In the proposed rule for 2021, CMS also clarified that therapy students are allowed to document in the medical record – provided the billing therapist reviews, verifies, signs and dates the record.
Rehabilitation therapists cannot charge for remote physiological monitoring codes.
CMS also clarified that Remote Physiological Monitoring (RPM) codes 99453, 99454, 99457, 99458 and 99091 are E / M services – which “can only be ordered and billed by physicians or non-physician practitioners ( NPP) eligible to bill Medicare. for E / M services. ”This ultimately means that PTs and occupational therapists will not be able to bill Medicare for these CPT codes.
MIPS will only change slightly.
Fortunately, the proposed changes to the MIPS program are not too complex. Let’s review the highlights! But first, if you need a MIPS reminder, check out this complete guide in the program.
MIPS Value Lanes
MIPS Value Pathways (MVP) are a “participation frameworkThat would unite the activities and measures of the MIPS program and remove the siled nature of the four categories. CMS initially planned to transition vendors to MVPs in the 2021 performance year. But, due to the COVID-19 pandemic, CMS grows its timeline and has no plans to implement any MVPs until 2022, at least.
Low volume threshold and category weighting
CMS has not proposed any changes to the low volume cutoff criteria, meaning that individual clinicians will still be mandated to participate in MIPS if they:
- submit Medicare Part B claims for more than 200 unique beneficiaries,
- submit Medicare Part B claims for more than 200 services (i.e. CPT codes), and
- bill more than $ 90,000 in eligible expenses under the Medicare Part B program.
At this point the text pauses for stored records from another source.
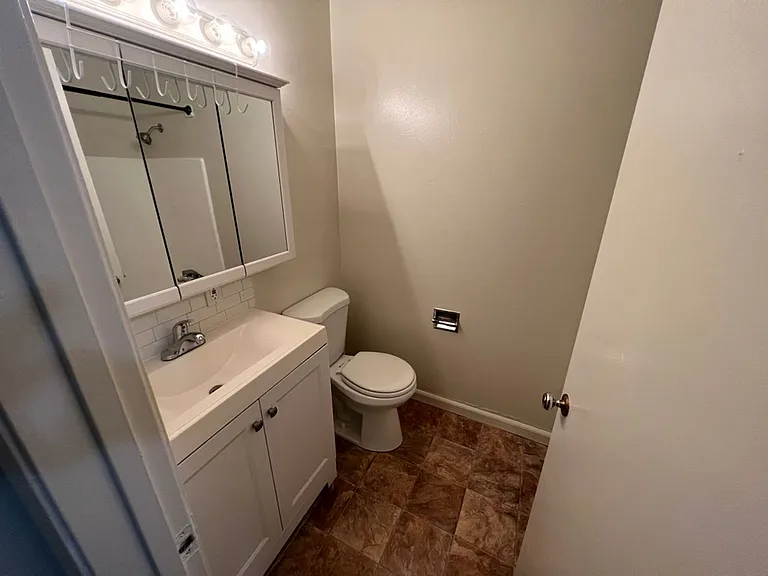 Homestead Apartments — Photo 5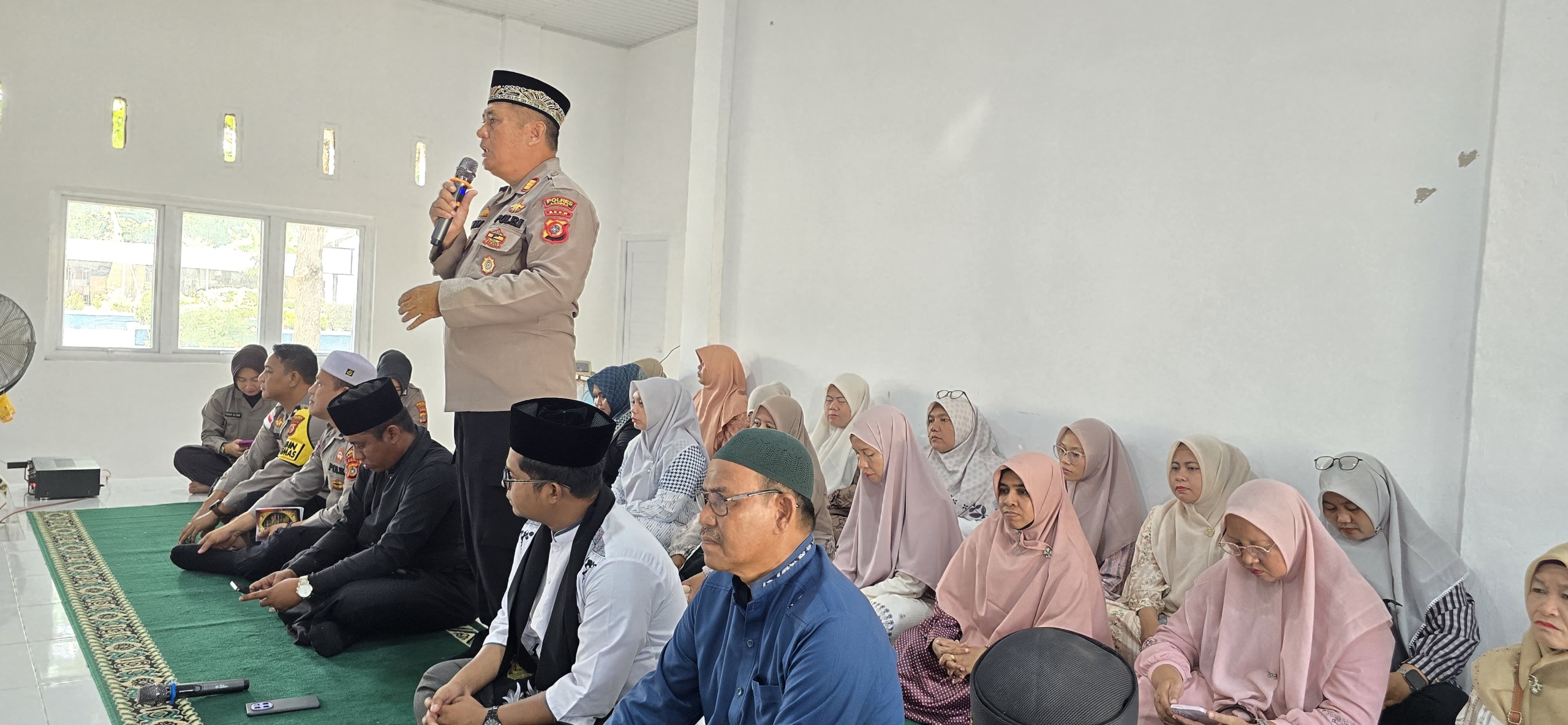 Polisi Saweu Sikula Satbinmas Polres Langsa Perkuat Pembinaan Kamtibmas Di SMKN 6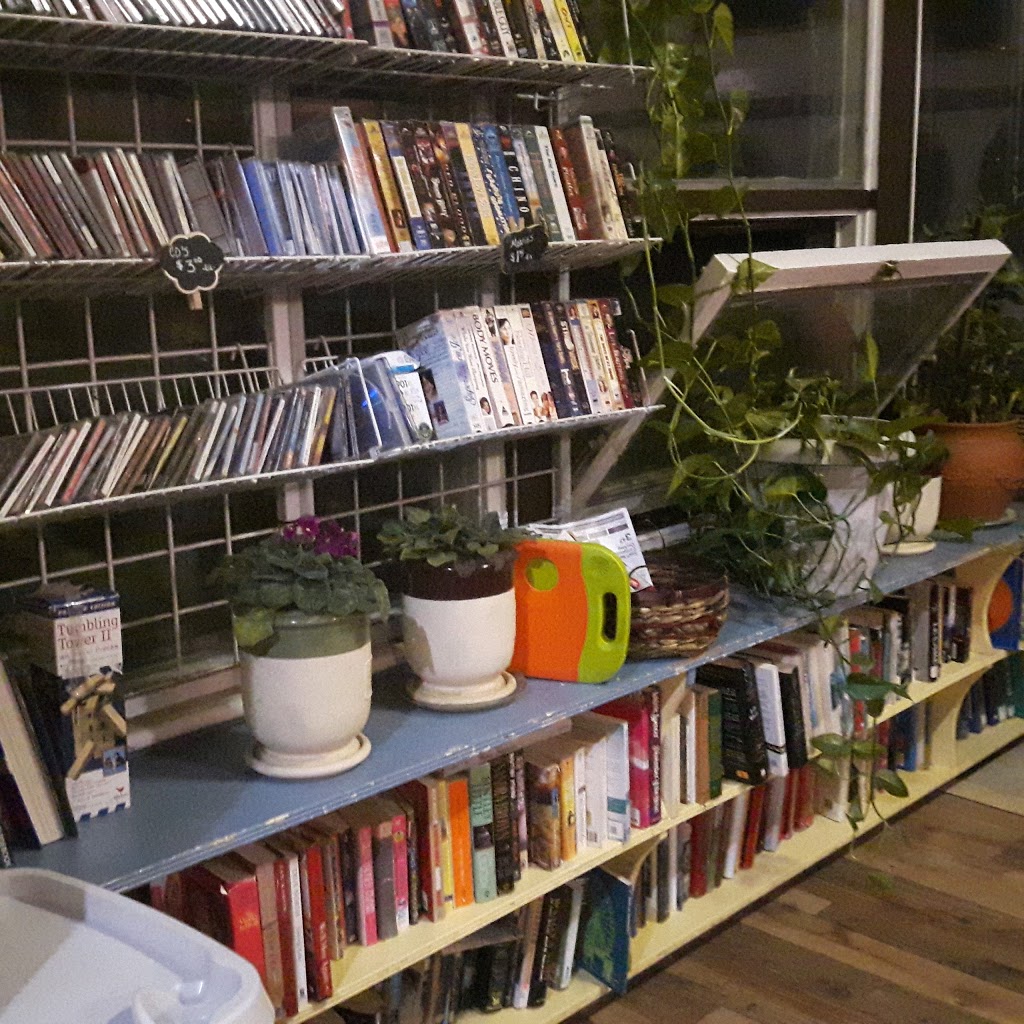 The Old School Cafe, Laundry & Greenhouses | 3 Meadowlark Rd, Combermere, ON K0J 1L0, Canada | Phone: (613) 756-9729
The agency also proposed to keep the MIPS category reweighting of 85% for the Quality Measurement domain and 15% for the Improvement Activities domain for PTs, Occupational Therapists and Speech-Language Pathologists.
In recognition of the pressure exerted by COVID-19 on our country’s health system, CMS proposed to lower the performance threshold for the performance year 2021. If this proposal is finalized, MIPS participants would have to earn 50 points or more to achieve a neutral or positive adjustment (instead of the 60 points previously required). The extra performance threshold for outstanding performance is not expected to change from its current 85 points.
The proposed rule described several changes to the sets of measures in the quality category. First, CMS proposed to add measures 283 and 286 (two measures of dementia) to the PT / OT specialty set and to remove measure 282 (also a measure of dementia) due to its similarity. with another measure. In addition, CMS proposed to add measure 134 (screening for depression) to the SLP specialty set.
Beyond that, CMS proposed “Substantial changes” in almost all clinical quality measures (LCQ) – most often reflected in the denominator of each measure. We will keep you informed as our MIPS experts analyze proposed (and possibly finalized) legislation.
You don’t like the content of the proposed rule for 2021? Keep your eyes peeled for advocacy efforts led by APTA, AOTA, ASHA, and WebPT.